Guide to Automatic Vectorization with Intel AVX-512 Instructions in Knights Landing Processors

This publication is part of a developer guide focusing on the new features in 2nd generation Intel® Xeon Phi™processors code-named Knights Landing (KNL). In this document, we focus on the new vector instruction set introduced in Knights Landing processors, Intel® Advanced Vector Extensions 512 (Intel® AVX-512). The discussion includes:

  • Introduction to vector instructions in general,
  • The structure and specifics of AVX-512, and
  • Practical usage tips: checking if a processor has support for various features, compilation process and compiler arguments, and pros and cons of explicit and automatic vectorization using the Intel® C++ Compiler and the GNU Compiler Collection.

 Colfax_KNL_AVX512_Guide.pdf (195 KB) — this file is available only to registered users. Register or Log In.

See also: colfaxresearch.com/get-ready-for-intel-knights-landing-3-papers/
KNL-3papers-Banner-CR-Home

1. Vector Instructions

Intel® Xeon Phi™products are highly parallel processors with the Intel® Many Integrated Core (MIC) architecture. Parallelism is present in these processors at two levels: task parallelism and data parallelism. Task parallelism comes from the massive number of cores in the processor (up to 72). Data parallelism comes from support for vector instructions, which make every core a single instruction multiple data (SIMD) processor. 1st generation Intel Xeon Phi processors, released in 2012 and code-named Knights Corner (KNC), were first Intel architecture processors to support 512-bit vectors. 2nd generation Intel Xeon Phi processors, to be released in 2016 and code-named Knights Landing (KNL), also support 512-bit vectors, but in a new instruction set called Intel® Advanced Vector Extensions 512 (Intel® AVX-512).

The Knights Landing architecture has a peak theoretical performance of 6 TFLOP/s in single precision, which is triple than what Knights Corner had. This performance gain is partly due to the presence of two vector processing units (VPUs) per core, doubled compared to the previous generation. Each VPU operates independently on 512-bit vector registers, which can hold 16 single precision or 8 double precision floating-point numbers.

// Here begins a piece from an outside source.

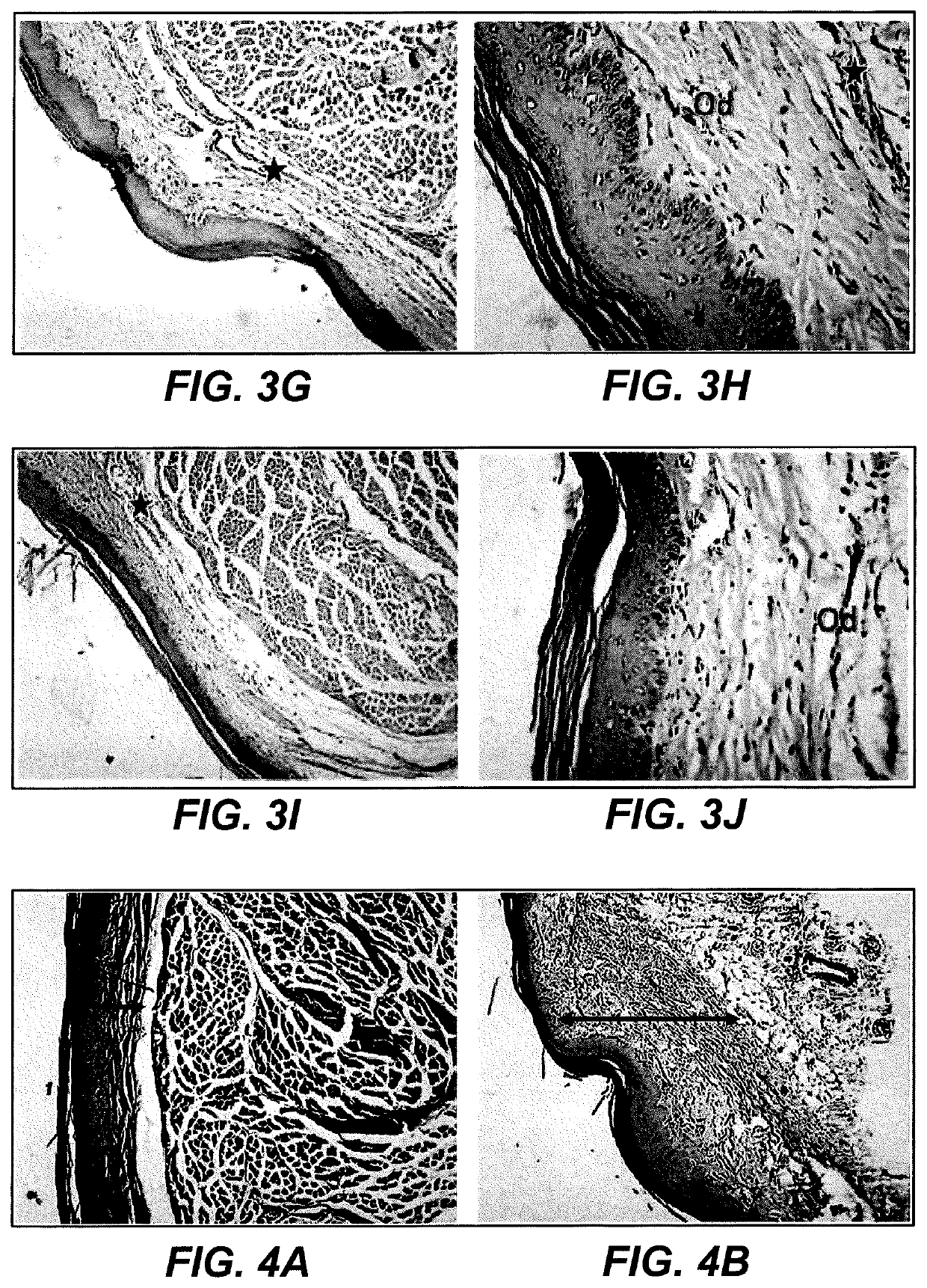 Method for treating inflammation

The need for using vector instructions cannot be understated, as it is the key to efficiently utilizing the VPUs for high performance.

SIMD instruction

Figure 1: Illustration of SIMD instruction

Figure 1 shows an example of a vector instruction adding multiple numbers together at the same time, compared to doing the additions sequentially. Where a scalar processor would have to perform a load, an addition and a store instruction for every element, a vector processor performs one load, one addition and one store for multiple elements. AVX-512 wide vectors and 2 VPUs allow for 32 additions to happen at the same time for single precision numbers.

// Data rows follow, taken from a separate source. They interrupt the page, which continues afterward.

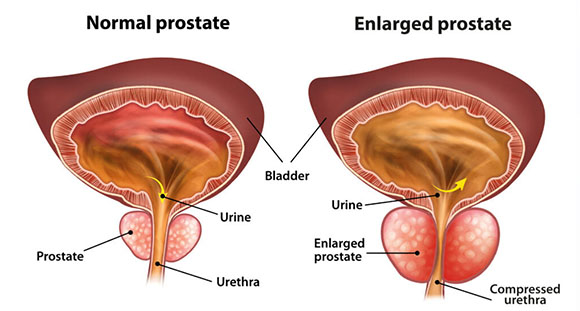 an illustration highlighting a normal prostate versus an enlarged prostate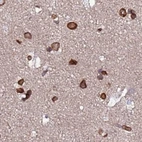 Immunohistochemical staining of human cerebral cortex using Anti-TOR1AIP1 antibody HPA047151.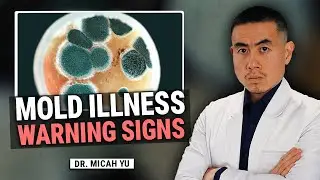 What Mold Toxicity Does to your Health and How to Treat It
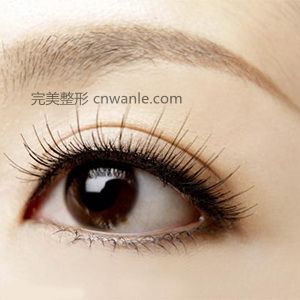 成都藝星開眼角手術效果怎么樣
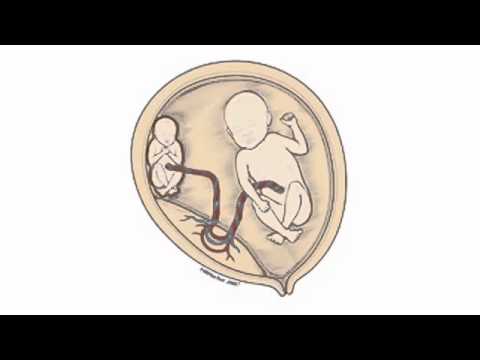 What is twin-to-twin transfusion syndrome (TTTS)?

To use vector instructions in applications, developers have two options: (i) explicitly calling vector instructions from assembly or via instrinsic functions, or (ii) relying on automatic vectorization by the compiler. The former option allows fine control over the instruction stream, while the latter is portable and “future-proof”. This means that to adapt code to a future generation of processors, only re-compilation is needed. At the same time, to effectively use automatic vectorization, the programmer must follow guidelines for vectorizable code (see, e.g., colfaxresearch.com/how-series) and be aware of the specifics of the instructions supported by the processor. This paper aims to provide necessary details about AVX-512 for developers following the automatic vectorization route.

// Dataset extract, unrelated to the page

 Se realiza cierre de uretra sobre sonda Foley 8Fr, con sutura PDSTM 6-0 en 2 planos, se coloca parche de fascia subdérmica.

2. Structure and Functionality of AVX-512

2.1. Subsets

The Intel AVX-512 has 9 subsets of instructions, of which some are supported by Intel Xeon Phi processors starting with Knights Landing, and some will be supported by future Intel® Xeon® processors (software.intel.com/en-us/blogs/2013/avx-512-instructions).They are listed and illustrated in Figure 2 below.

  • Features common to Knights Landing and future Intel Xeon processors include AVX512-F and AVX512-CD. If it is desirable to maintain binary compatibility between the Knights Landing processor and a future Intel Xeon processor, these are the subsets to use.
  • All AVX-512 features of the Knights Landing processors include, in addition to AVX512-F and AVX512-CD, the AVX512-ER, and AVX512-PF subsets. If it is not necessary to maintain binary compatibility between the Knights Landing processor and a future Intel Xeon processor, then the additional AVX512-ER and AVX512-PF instructions can be leveraged to vectorize previously unvectorizable code.
  • All AVX-512 features of the future Intel Xeon processors include, in addition to AVX512-F and AVX512-CD, the AVX512-BW, AVX512-DQ, AVX512-VL, AVX512-IFMA, and AVX512-VBMI subsets. Since these instructions are not available on the Knights Landing processors, they are out of the scope of this document.

2.2. AVX512-F

This feature set is the “Fundamental” instruction set, available on Knights Landing processors and future Intel Xeon processors. It contains vectorized arithmetic operations, comparisons, type conversions, data movement, data permutation, bitwise logical operations on vectors and masks, and miscellaneous math functions like min/max (software.intel.com/sites/landingpage/IntrinsicsGuide/). This is similar to the core feature set of the AVX2 instruction set, with the difference of wider registers, and more double precision and integer support.

2.3. AVX512-CD

This feature set is the “Conflict Detection” instruction set, available on Knights Landing processors and future Intel Xeon processors. The following code sample illustrates when conflict detection instructions are useful.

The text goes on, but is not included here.